Aleksandr wobbled on his feet, so I shoved my shoulder under him, wrapping my arm around his back. He tried to take a step, but fell onto me. I had to take a step back for leverage.

“Sorry, Audushka.” He squeezed my bicep. “You’re strong.”

“My car is right there.” I pointed with my free hand, which I’d extended for balance.

“I can walk,” Aleksandr said, shrugging out of my grasp and straightening. “I just wanted you to touch me.”

“Get in.” I shook my head as I walked around to the driver’s side.

“Thank you, Audushka,” he said, pulling his seat belt across his chest.

“No problem.”

And it wasn’t. I was happy he’d called me instead of trying to drive himself.

We drove in silence though the questions in my head were loud. Why had he chosen to get drunk at a bar by himself tonight rather than come over and have dinner with my family? I knew he didn’t celebrate Christmas, but it was more about eating and hanging out with us than celebrating the holiday.

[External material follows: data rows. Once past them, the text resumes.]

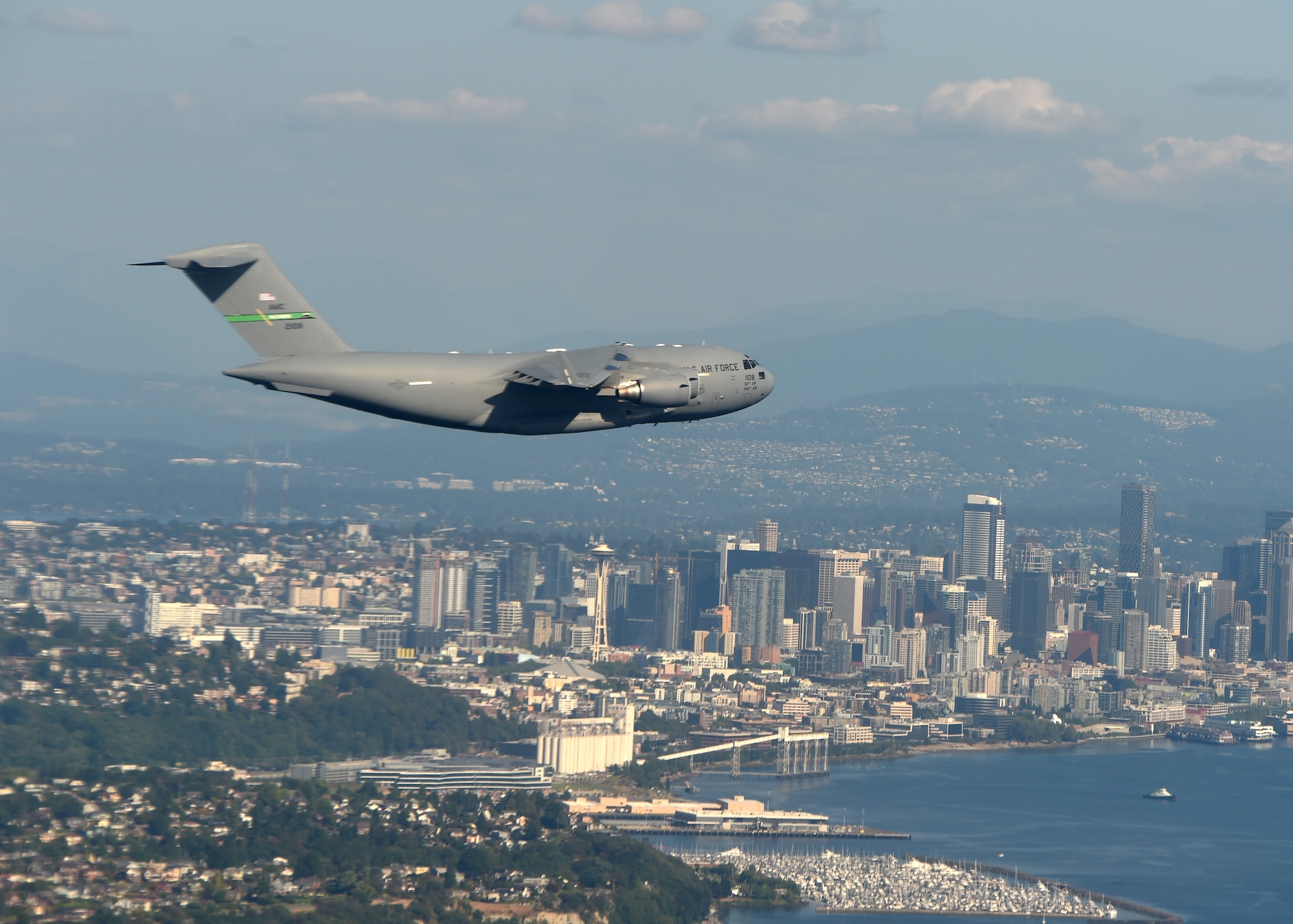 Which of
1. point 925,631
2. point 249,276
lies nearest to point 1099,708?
point 925,631

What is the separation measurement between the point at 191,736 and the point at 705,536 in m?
87.5

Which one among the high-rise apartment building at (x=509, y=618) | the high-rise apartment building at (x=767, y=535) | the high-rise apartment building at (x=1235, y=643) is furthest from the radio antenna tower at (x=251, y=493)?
the high-rise apartment building at (x=1235, y=643)

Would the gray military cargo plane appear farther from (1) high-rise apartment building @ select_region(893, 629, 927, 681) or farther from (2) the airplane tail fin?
(1) high-rise apartment building @ select_region(893, 629, 927, 681)

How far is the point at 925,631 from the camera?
125 metres

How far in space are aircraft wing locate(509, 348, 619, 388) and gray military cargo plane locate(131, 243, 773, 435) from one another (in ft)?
0.06

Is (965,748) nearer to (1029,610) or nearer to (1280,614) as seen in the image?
(1029,610)

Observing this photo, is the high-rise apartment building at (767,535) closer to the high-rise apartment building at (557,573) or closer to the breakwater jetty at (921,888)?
the high-rise apartment building at (557,573)

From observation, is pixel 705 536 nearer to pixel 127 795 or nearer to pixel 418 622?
pixel 418 622

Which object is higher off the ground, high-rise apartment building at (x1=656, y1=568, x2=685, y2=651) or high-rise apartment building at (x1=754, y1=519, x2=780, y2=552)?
high-rise apartment building at (x1=754, y1=519, x2=780, y2=552)

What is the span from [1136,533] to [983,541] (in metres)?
15.2

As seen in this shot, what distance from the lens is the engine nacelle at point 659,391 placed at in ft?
84.7

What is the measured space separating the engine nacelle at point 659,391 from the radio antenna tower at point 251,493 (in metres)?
116

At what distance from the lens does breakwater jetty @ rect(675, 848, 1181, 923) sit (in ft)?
196

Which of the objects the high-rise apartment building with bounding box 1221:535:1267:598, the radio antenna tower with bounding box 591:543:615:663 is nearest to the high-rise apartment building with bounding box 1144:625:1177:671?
the high-rise apartment building with bounding box 1221:535:1267:598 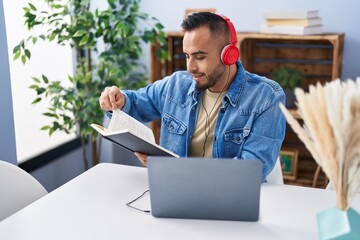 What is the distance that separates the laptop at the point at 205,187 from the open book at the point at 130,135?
178mm

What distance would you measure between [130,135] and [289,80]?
158 cm

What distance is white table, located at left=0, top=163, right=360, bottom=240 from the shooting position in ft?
3.51

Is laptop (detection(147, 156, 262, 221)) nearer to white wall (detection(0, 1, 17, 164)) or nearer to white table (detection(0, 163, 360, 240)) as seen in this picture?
white table (detection(0, 163, 360, 240))

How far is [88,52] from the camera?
2541 millimetres

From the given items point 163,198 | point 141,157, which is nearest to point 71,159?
point 141,157

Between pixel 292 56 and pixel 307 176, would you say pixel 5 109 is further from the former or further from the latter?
pixel 307 176

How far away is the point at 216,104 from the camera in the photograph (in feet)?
5.50

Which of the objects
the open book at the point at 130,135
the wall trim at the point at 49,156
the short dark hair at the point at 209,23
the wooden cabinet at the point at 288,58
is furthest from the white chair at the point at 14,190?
the wooden cabinet at the point at 288,58

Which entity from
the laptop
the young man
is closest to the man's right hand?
the young man

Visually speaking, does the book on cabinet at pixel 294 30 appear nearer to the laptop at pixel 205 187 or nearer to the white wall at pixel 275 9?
the white wall at pixel 275 9

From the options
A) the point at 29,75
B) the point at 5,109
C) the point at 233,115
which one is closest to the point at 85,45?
the point at 29,75

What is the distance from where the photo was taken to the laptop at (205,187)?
3.35 ft

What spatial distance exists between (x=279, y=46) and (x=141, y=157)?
1.67 metres

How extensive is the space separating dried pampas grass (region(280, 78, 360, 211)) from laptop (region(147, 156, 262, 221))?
0.64 ft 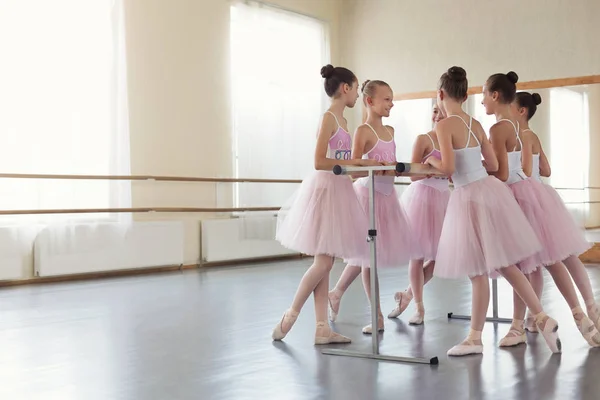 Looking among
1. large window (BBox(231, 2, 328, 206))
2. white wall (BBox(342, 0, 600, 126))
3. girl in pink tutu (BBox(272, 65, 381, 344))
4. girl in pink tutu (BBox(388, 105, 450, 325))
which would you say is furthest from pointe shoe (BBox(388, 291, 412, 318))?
white wall (BBox(342, 0, 600, 126))

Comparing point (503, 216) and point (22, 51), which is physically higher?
point (22, 51)

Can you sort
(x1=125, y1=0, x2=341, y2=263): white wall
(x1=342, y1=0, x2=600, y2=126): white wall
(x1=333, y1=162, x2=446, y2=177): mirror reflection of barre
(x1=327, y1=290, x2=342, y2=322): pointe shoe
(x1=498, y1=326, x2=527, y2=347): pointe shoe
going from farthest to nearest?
1. (x1=342, y1=0, x2=600, y2=126): white wall
2. (x1=125, y1=0, x2=341, y2=263): white wall
3. (x1=327, y1=290, x2=342, y2=322): pointe shoe
4. (x1=498, y1=326, x2=527, y2=347): pointe shoe
5. (x1=333, y1=162, x2=446, y2=177): mirror reflection of barre

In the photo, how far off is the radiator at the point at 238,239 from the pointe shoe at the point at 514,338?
4.63 m

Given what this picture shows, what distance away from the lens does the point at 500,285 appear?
5.56 m

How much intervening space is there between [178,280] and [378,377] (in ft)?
12.2

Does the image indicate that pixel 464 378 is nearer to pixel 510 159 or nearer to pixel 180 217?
pixel 510 159

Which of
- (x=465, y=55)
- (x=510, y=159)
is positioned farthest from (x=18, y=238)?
(x=465, y=55)

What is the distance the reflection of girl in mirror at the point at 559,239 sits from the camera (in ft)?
10.6

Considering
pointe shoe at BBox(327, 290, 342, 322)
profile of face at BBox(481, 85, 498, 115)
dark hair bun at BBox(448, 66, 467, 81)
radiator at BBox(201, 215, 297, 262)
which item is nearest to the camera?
dark hair bun at BBox(448, 66, 467, 81)

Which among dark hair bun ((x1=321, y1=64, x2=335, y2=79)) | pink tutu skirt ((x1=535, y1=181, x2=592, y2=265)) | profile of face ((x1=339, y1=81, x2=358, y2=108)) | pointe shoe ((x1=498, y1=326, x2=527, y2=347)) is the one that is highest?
dark hair bun ((x1=321, y1=64, x2=335, y2=79))

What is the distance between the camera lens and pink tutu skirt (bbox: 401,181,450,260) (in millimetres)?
3797

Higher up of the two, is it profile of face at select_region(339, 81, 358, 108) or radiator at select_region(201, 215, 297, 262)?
profile of face at select_region(339, 81, 358, 108)

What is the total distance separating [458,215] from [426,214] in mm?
797

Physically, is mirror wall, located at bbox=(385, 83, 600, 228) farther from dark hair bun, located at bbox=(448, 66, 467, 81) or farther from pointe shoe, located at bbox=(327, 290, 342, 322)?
dark hair bun, located at bbox=(448, 66, 467, 81) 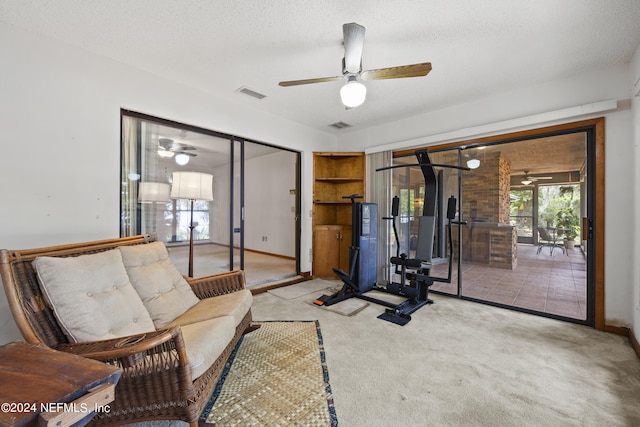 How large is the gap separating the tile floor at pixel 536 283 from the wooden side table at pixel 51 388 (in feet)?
12.9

“See this?” Aleksandr broke the silence. When I glanced over, he was pointing to the scar on his cheekbone, inches below his left eye.

“Yes.”

“You know how I got this?”

“High stick?” I asked.

“No. This one was a high stick.” He pointed to a scabbed-over gash above his right eyebrow, before trailing his finger back to the original scar he’d pointed to. “This was a bottle of vodka. Two years ago today.”

“How did it happen?” My grip tightened on the steering wheel.
Bar fight
was the first thought that came to my mind.

“I threw the bottle at a mirror. One of the two came back.” Aleksandr diverted his eyes out the window. “Two years ago today I was getting dressed for a game. Then my coach walks in with my aunt. I knew something was wrong immediately since my aunt hadn’t been to a game in years.” He paused to swallow. “She told me my parents died in a car accident on the way to my game. She said it just like that. Didn’t prepare me, didn’t ease me into it. I ran out of the locker room in full gear and drove to the hospital, but they wouldn’t even let me see the bodies. So I went back to my apartment and got drunk. I got angry. I threw the vodka bottle. All I could do was sit on my bed and cry and scream and throw bottles. My parents were killed trying to get to
my
game. They would be alive if it weren’t for me.”

“It wasn’t your fault,” I said, and reached out my hand to place it on top of his. Why was it so easy to tell other people something, but not believe it yourself?

“No, but I was the reason they were looking for a faster way to the arena. My hockey games. My hockey practices. Their lives revolved around my hockey career. And it killed them. I swore I would never play hockey again, and didn’t for a week.” He looked at our hands, twisting his so his palm was cupped toward mine. “Then I remembered that hockey was the only thing I had left.”

“I’m so sorry, Sasha. I didn’t mean to—”

“Stop apologizing, Audushka.” He lifted his eyes to mine, intensity poking through the haze. “I brought it up. I wanted you to know. For you, I’m an open book.”

I squeezed his fingers before resting our joined hands on top of his thigh. Our situations were mirror images of each other. He’d retreated into hockey to numb the pain of his parents’ death, just as I’d retreated into soccer to numb the pain of my mom’s.

“Will you stay with me tonight, Audushka?” Aleksandr asked, still staring at our joined hands.

We both knew the answer, and I didn’t hesitate. “Yes.”